脫脫不花被陳煦用錘子閹了之後囚禁在五軍營養傷。 瓦剌使團在京無惡不作,然而這群畜生卻披著外國來使的外衣,神宗皇帝當然不能堂而皇之的將其關押。案發的第二天,奄奄一息的脫脫不花被神不知鬼不覺的帶到京城西郊一座廢棄的古廟裡由錦衣密探嚴加看守。
夢瑤、馮清遇刺的這個夜晚,十數個神秘的黑衣人衝進了京城西郊的古廟殺盡負責看守的錦衣校尉、成功的救走了脫脫不花。
手段之殘酷,令人發指。
事發第二天。
清早,附近的百姓發現了古廟裡的屍體,他先是嘔吐,隨後報知官府。十數條人命的大案驚動了六扇門,六扇門的捕快在廢墟中找到了錦衣密探的信物,錦衣密探乃皇帝陛下近衛,六扇門不敢擅斷,他們及時上報皇帝陛下。
神宗皇帝聞之勃然大怒。
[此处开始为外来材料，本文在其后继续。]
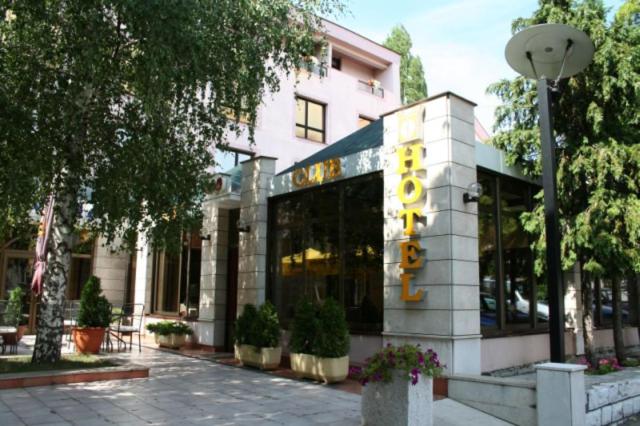 Hotel Dinara — Hotel in Livno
天子腳下竟有人毫無顧忌的刺殺天子近衛,是可忍孰不可忍?
“馮卿家,案情可有線索?”
“陛下,查無實據,不過應該與瓦剌脫不開乾系。”頓了一頓,馮靖又道,“脫脫不花被秘密轉移到古廟如此絕密的事兒竟被對手探知,京城必有瓦剌的奸細及時將情報傳回瓦剌。”
“奸細?”
神宗皇帝冷笑,他感覺錦衣密探安逸的時間太長了,再不出手就生鏽了。
“昨夜令愛與秦愛卿的丫頭遭遇了殺手?”
馮靖知道有些事瞞不過皇帝,他聞言點頭,神宗皇帝複道,“秦家小姐是陳煦沒過門的妻子,妻子被人欺負,他這做丈夫的豈能沒點表示?這件事就讓他查一查吧。”
馮靖心中一動,皇帝如果想查案,他可用的人少嗎?要陳煦查案,恐怕只是找個釋放楊雲睿幾人的借口罷了,當然,他或許也想看看陳煦的本事。
陳煦聽說馮清遇刺的事兒,他第一時間趕到了馮府。
馮清手臂受傷,傷口不淺,流血頗多。雖無性命憂,但整個人看起來憔悴不堪。陳煦走進馮清房裡,夢瑤正陪在馮清床邊,顧盼兒小心翼翼的站在一邊。
顧盼兒肩上的箭傷已無大礙,她只是有些好奇的打量著兩女,清姑娘受傷卻換來如此和諧的畫面,這算不算遂了心願?
“公子,你怎麽出來了?”
顧盼兒最先看到陳煦進門,她頗有些意外的說道。陳煦沒心思計較顧盼兒的“語病”,他一個健步竄到馮清跟前,“師妹,你的傷怎麽樣?”
“師兄,我…我沒事……”
馮清話沒說完,陳煦已經解開了馮清手臂上的繃帶,賽華佗醫術高強,可對於外傷,尤其是刀槍的傷口,他自認不輸於神醫。
“臭小子,你這是什麽意思?難道信不過老夫的手段?”賽華佗進門看到陳煦的動作,他有些氣呼呼的說道。
陳煦口稱不敢,心裡卻犯嘀咕,真要得了破傷風可不是鬧著玩的。
夢瑤見陳煦抓著馮清手臂一臉緊張的樣子,她寧肯受傷的是她,如果在平時她肯定會阻止,然而此刻卻不好開口,馮清畢竟因她受傷,她不能玩恩負義。
“夫君,清姑娘需要好好休息,你現在不能打擾她。”夢瑤說話的時候尤其強調了“夫君”兒子,她是想暗示馮清,姐妹夫,不可欺。
陳煦還沒說話,馮澈匆匆的闖了進來,“清妹,是誰傷的你?為兄一定替你報仇。”
馮澈將陳煦擠到了一邊,他卻沒有注意到馮清那幽怨的目光。夢瑤松了口氣,突然間她覺得馮澈也不似之前那般礙眼了。
“師妹,你怕打針嗎?”
聽到陳煦的話,馮清理所當然的回憶起陳煦為陳鶯兒注射青霉素的事兒,她原來蒼白的臉蛋兒突然泛起紅暈,不敢看夢瑤,她猶豫著輕輕的點了點頭。
“你又要給馮丫頭注射青霉素?”賽華佗插口道。
陳煦搖頭,他說:“我怕師妹得破傷風。”
“破傷風是什麽風?也能殺人?”賽華佗又發現了不懂的東西,他原本以為榨幹了陳煦,想不到他竟然還有存貨,真是氣人。
馮夫人端著煲好的湯進門,聽到賽華佗的話,她緊張的問女兒是不是傷勢出現了什麽變化。